→ DESCRIPTION OF THE TASK:
Set down every entry word for word. Omit the pictures.

→ EXTRACTED MATERIAL:
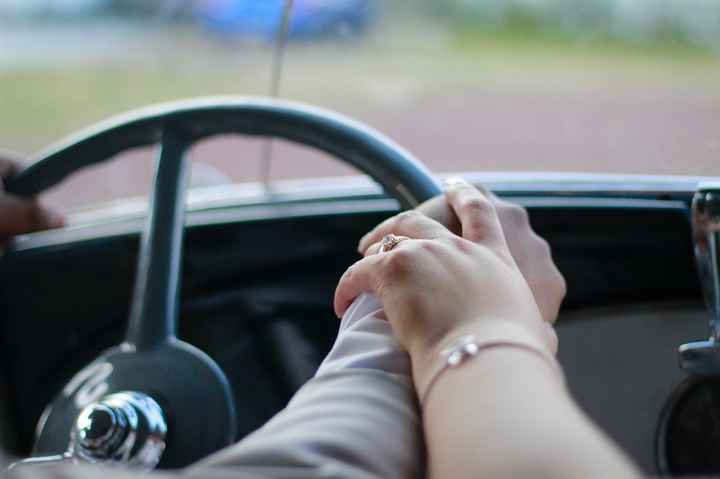Fotografías de novios en autos - 1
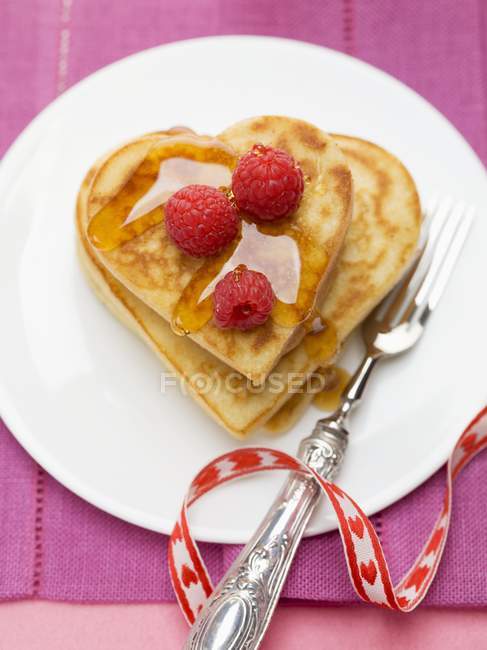 Heart-shaped pancakes — Stock Photo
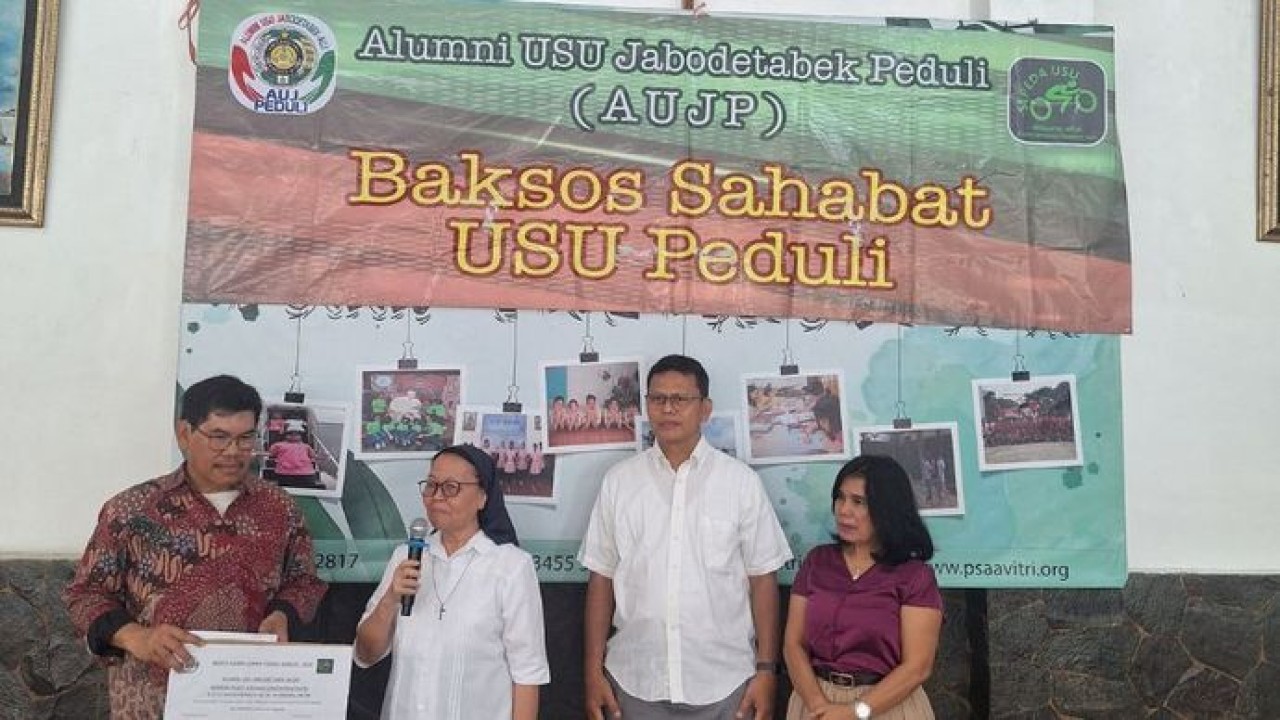 Alumni USU Jabodetabek Peduli (AUJP) menyambut Natal 2025 dan tahun baru 2026 ini bakti sosial dengan mengunjungi Panti Asuhan pada akhir pekan kemarin. (Dok.Ntvnews.id)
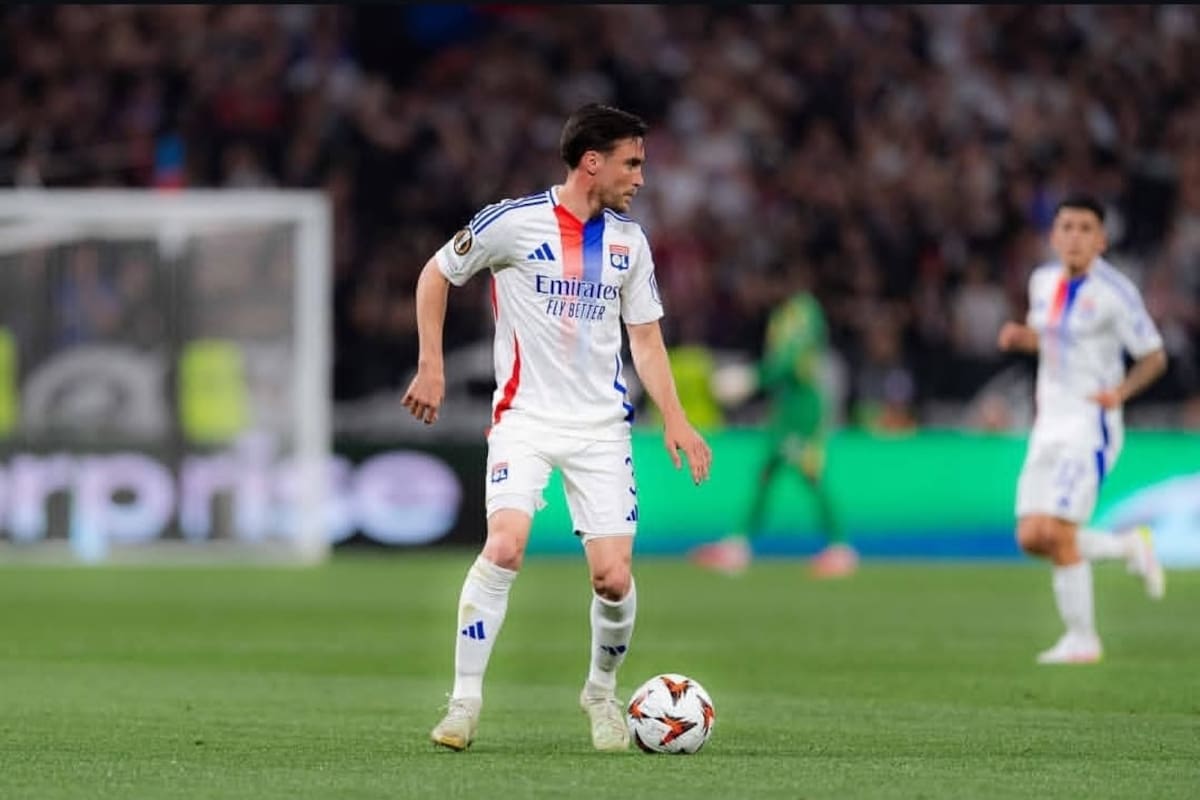 Nicolás Tagliafico, tras rumores y pedidos de los hinchas de su vuelta a Independiente, seguirá en Europa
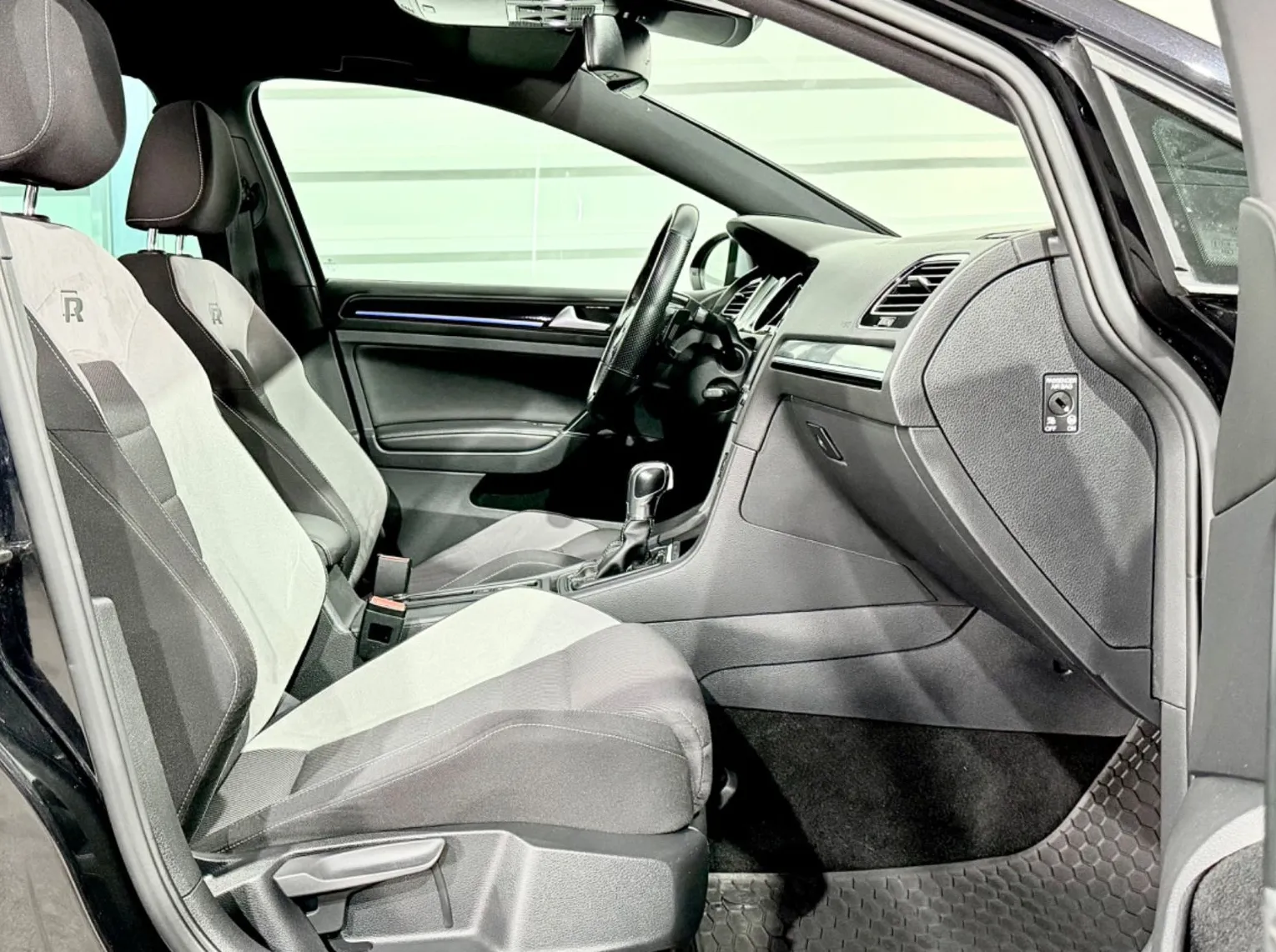Zunanja slika - Volkswagen Golf - R - 4 MOTION - DSG - DRIVE SELECT - NAVI - PDC - 13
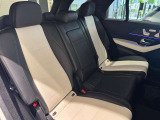 メルセデスのシートは少し硬めになっております。長時間の運転の際、適度な反発があることでお尻や腰の負担を減らす効果が御座います。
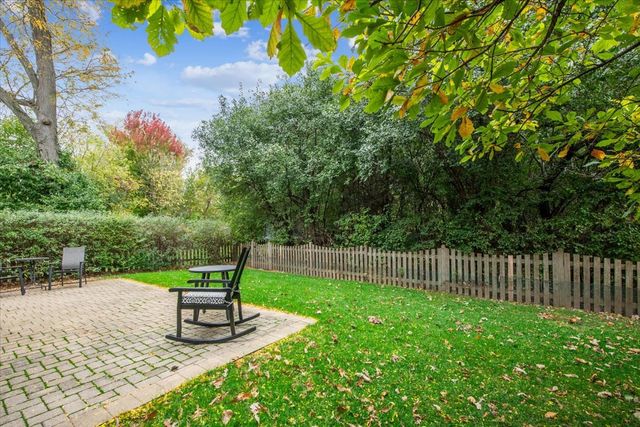 1653 McCraren Road, Highland Park, IL 60035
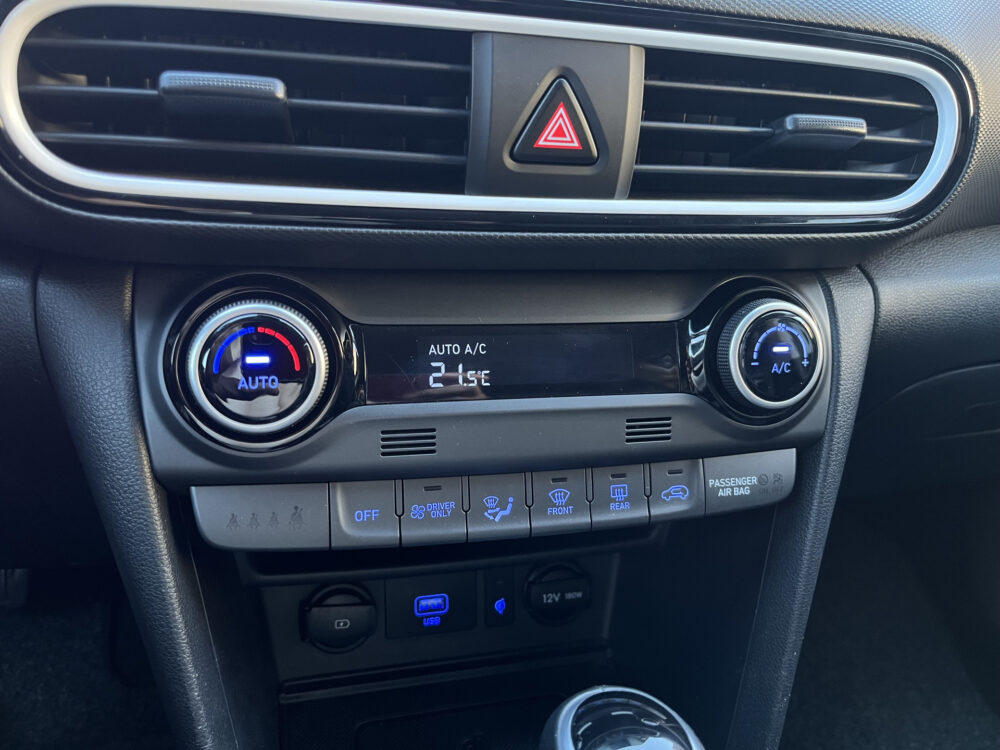 Hyundai KONA 1.6 GDI HEV Premium // DODEHOEK // HEAD-UP DISPLAY // KEYLESS // LEDER // CAMERA+SENSOREN // LED // CLIMA // STUUR+STOELVERWARMI 33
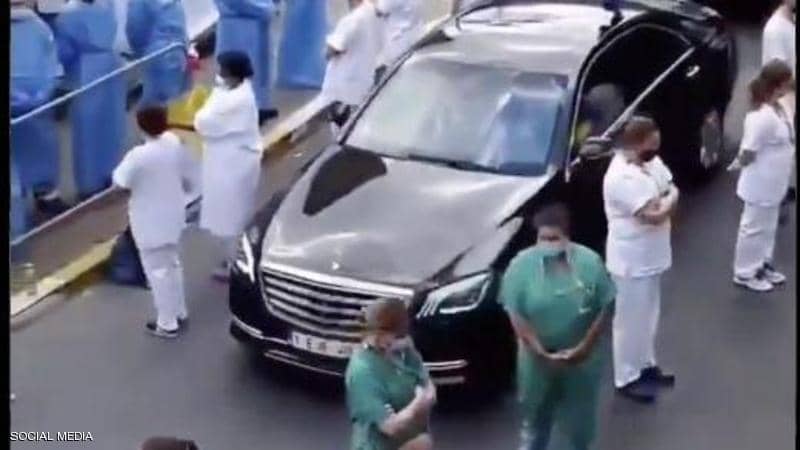 الجيش الأبيض بـ "بلجيكا" يدير ظهره لرئيسة الوزراء ..فيديو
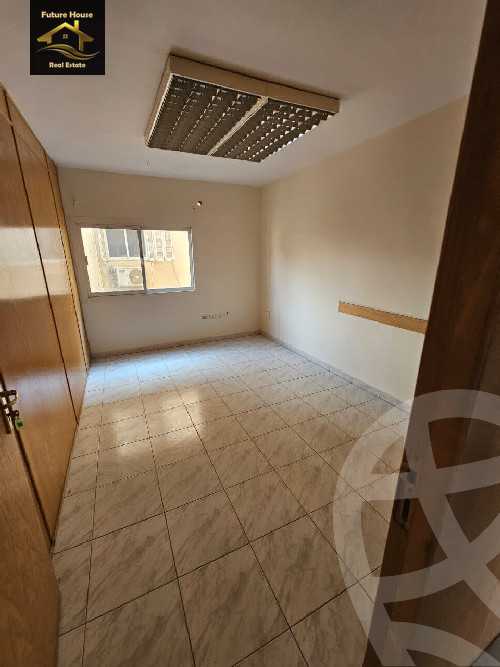https://aqarmap.com.eg/en/listing/5665168-for-rent-cairo-el-maadi-sarayat-el-maadi-street-18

→ EXERCISE ANSWER:
Fotografías de novios en autos - 1
 Heart-shaped pancakes — Stock Photo
 Alumni USU Jabodetabek Peduli (AUJP) menyambut Natal 2025 dan tahun baru 2026 ini bakti sosial dengan mengunjungi Panti Asuhan pada akhir pekan kemarin. (Dok.Ntvnews.id)
 Nicolás Tagliafico, tras rumores y pedidos de los hinchas de su vuelta a Independiente, seguirá en Europa
Zunanja slika - Volkswagen Golf - R - 4 MOTION - DSG - DRIVE SELECT - NAVI - PDC - 13
 メルセデスのシートは少し硬めになっております。長時間の運転の際、適度な反発があることでお尻や腰の負担を減らす効果が御座います。
 1653 McCraren Road, Highland Park, IL 60035
 Hyundai KONA 1.6 GDI HEV Premium // DODEHOEK // HEAD-UP DISPLAY // KEYLESS // LEDER // CAMERA+SENSOREN // LED // CLIMA // STUUR+STOELVERWARMI 33
 الجيش الأبيض بـ "بلجيكا" يدير ظهره لرئيسة الوزراء ..فيديو
https://aqarmap.com.eg/en/listing/5665168-for-rent-cairo-el-maadi-sarayat-el-maadi-street-18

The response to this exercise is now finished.